My father fiddles with the on/off switch on his flashlight. “Crap!” he grumbles and taps it against the palm of his hand. “Damn batteries are new, too.” The flashlight flickers on and his face lights up. “Good!” He owns several flashlights. There is one within arm’s reach everywhere in his house. He’s always had lots of them. They’re very important to him, and I’ve never been sure why.

“What are you looking for?” I ask him as he casts the flashlight’s beam out of his bedroom window as he has a thousand times before.

“Just checking to make sure it works.”

It’s his standard answer to a question I’ve been asking him since I was a kid. “You’re always checking them, dad. How come?” I ask reflexively.

“The batteries die. Sometimes really soon, too, so you got to check them pretty often.”

“But you do constantly.”

“You can never check them enough, because when you need them, they damn sure better work.”

“A jealous husband after you?” I joke, and my father ignores me––he’s heard that line before.

When I was a kid, I was convinced that gangsters were tracking him down.

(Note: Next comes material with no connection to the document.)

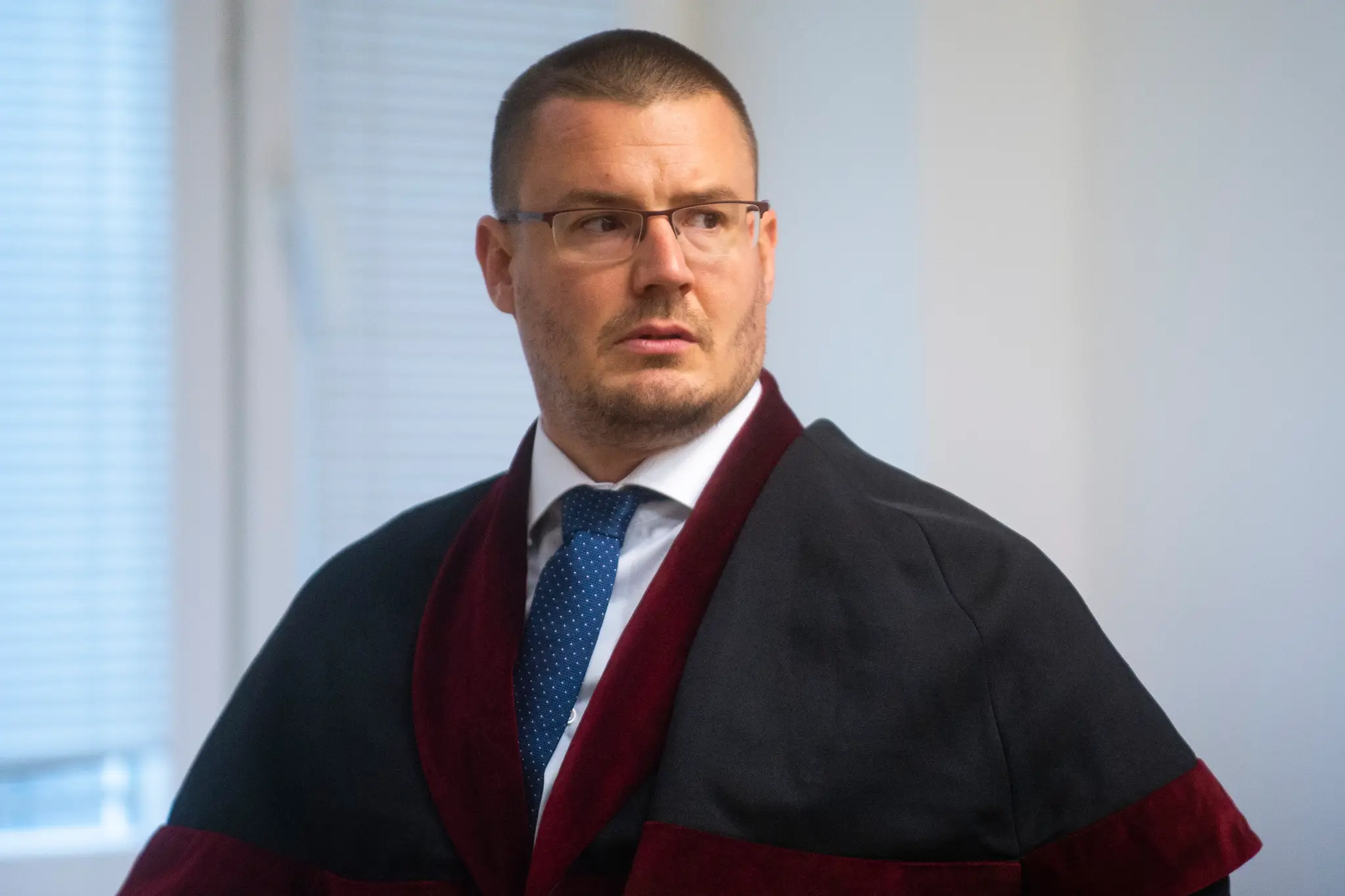 prokurátor Michal Šúrek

Maybe he had crossed them and they wanted to come break his legs. When I told him my theory, he said that was ridiculous. I wasn’t convinced, and the question of why he spent so much time shinning his flashlight into the night continued to intrigue, if not haunt, me.

“It’s pretty weird doing that. A really strange habit,” I remark.

“You don’t know anything,” he snaps––and I’ve heard that line before, too.

“Dad, c’mon. I’m going to head back to my apartment. Walk me to the door.”

“Hold on!” he says, shooshing me.

“What?” I ask, and he waves me to the window.

He has something in the beam of his flashlight. When it moves, the air empties out of my lungs.

“Jesus! What the . . .?”

“No problem,” he says, holding the beam steady on the most hideous creature I have ever seen. And then suddenly the grotesquery vanishes, almost as if it’s been struck by a ray gun. “There,” says my father, turning to me with a look of triumph.

I steady myself against the wall and try to regain my breath.

“That’s why I always check the batteries,” he says matter-of-factly.